Aku bukan orang asli Malinau, pada tahun 2002 aku mengikuti keluargaku pindah kesana. Aku dilahirkan di Samarinda yang merupakan ibu kota dari Kalimantan Timur. Samarinda bisa dikatakan kota, banyak fasilitas yang sudah dibangun, mulai dari pusat perbelanjaan seperti Mall, kepadatan penduduk, gedung-gedung pecakar langit. Hal inilah yang berbanding terbalik dengan yang aku rasakan di Malinau. Tidak ada gedung-gedung tinggi, tidak ada Mall, pusat perbelanjaan hanya berpusat di pasar. Menurutku tidak ada yang menarik, sampai akhirnya bapak mengenalkan hutan-hutan yang di Malinau, menyusuri setiap sungai yang ada di Malinau. Aku mulai merasa berbeda, sepertinya aku suka tinggal disini.

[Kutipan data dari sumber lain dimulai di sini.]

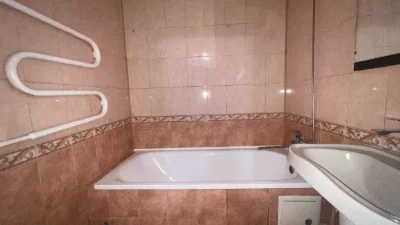 For Sale: Two-Bedroom Apartment on Druzhbi Street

Umurku masih delapan tahun ketika aku pindah ke Malinau. Pesawat Kalstar terbang membawaku dari Samarinda menuju Tarakan, tidak banyak memori yang aku ingat, tetapi aku ingat satu hal, ketika bapak duduk samping dan memasangkan sabuk pengaman padaku. Dia mengajarkanku cara menggunakan sabuk pengaman dan melepaskannya. Bagi anak kecil seumuranku, ketika memasang dan melepaskan sabuk pengaman merupakan hal sangat menarik. Aku duduk tenang melihat ke arah jendela, dan kebetulan aku duduk dikursi A yang terletak paling depan. Pemandangan dari luar jendela membuat aku terperanga, ini pertama kalinya aku naik pesawat. Aku pernah mendengar bahwa pulau kalimantan jika dilihat dari udara akan terlihat seperti karpet hijau. Hal itu yang aku lihat sepanjang perjalananku menuju Tarakan. Setibanya di Tarakan, kami menaiki Speed Board sekitar kurang lebih tiga jam, karena cuma itulah satu-satunya transportasi menuju Malinau saat itu. Aku tiba di Malinau saat sore hari, aku ingat langit senja saat itu, aku, bapak, dan ibu, naik angkutan umum ke rumah kontrakan di Malinau Seberang atau yang dikenal dengan Respen. Hanya ada satu jembatan yang menghubungkan Respen dengan Malinau Kota, namanya adalah jembatan Malinau. Sungai sesayap yang memisahkan malinau kota dengan malinau seberang atau Respen.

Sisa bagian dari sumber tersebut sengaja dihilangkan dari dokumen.